Thus the judicial matters have been left atado y bien atado - "all very well secured", as Franco put it in his famous phrase on the resilience of his regime - which, I suppose, is what it was all about. All that remains is for someone to complete the gesture by sending him a homeward ticket to Madrid, and at that point, as if it were a question of kiss and make up, the Socialist government will have completed the operation begun by Alfredo Pérez Rubalcaba as leader of the opposition with the then-prime minister Mariano Rajoy: to bring about a rapid and unavoidable handover of the head of state role from Juan Carlos to his son, before the Spanish crown exploded; to deactivate the bomb that existed in the form of Corinna zu Sayn Wittgenstein, better known as Corinna Larsen, the then-king's lover and receiver of commissions; and, finally, for Spanish justice to end its probes into the numerous scandals that haunted him in Spain, the UK and Switzerland. The Corinna folder remains, but everything else that had been opened up has now been closed.

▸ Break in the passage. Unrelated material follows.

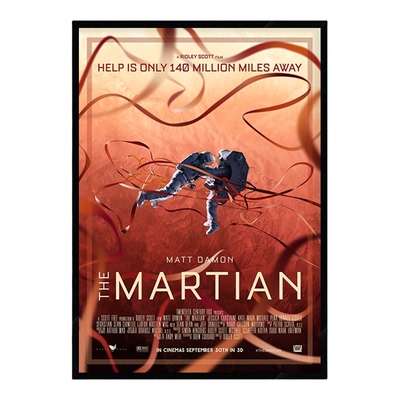 餐厅酒吧简约现代电影海报装饰画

On the way, due to the impact of, on the one hand, the territorial conflict over the Catalan independence demand, which has only been postponed and only after relentless repression, and on the other, the scandal of the former head of state who hastily left Spanish territory to settle in the United Arab Emirates, Spain's international image has fallen to significant levels of degradation. An international report released yesterday which includes the latest update of the Varieties of Democracy (V-Dem) index assesses that Spain has slipped back between four and twelve positions in the world rankings. The recently published annual ranking of The Economist's index also placed Spain in the category of "flawed democracy" for the first time. Reports are appearing and they all point in the same direction: Spain has lost its democratic quality, and its justice and repression are part of the reasons for this.
All the judicial cases are closed, but the link between the Spanish monarchy and corruption has not disappeared at all. A personal problem has been solved and, if it is desired, that return ticket from the United Arab Emirates to Madrid can be issued. But the institutional problem persists as the key issue has not been denied: there was corruption, but Juan Carlos could not be prosecuted due to his capacity as head of state, or the time period for doing so has expired, or it has not been possible to prove it. Too many loose ends to tie up for a monarch who will never be able to cleanse himself of the fact that corruption was part of how he carried out his tasks as king for almost a period of almost four decades that ended up in the scrapheap where all broken toys get thrown.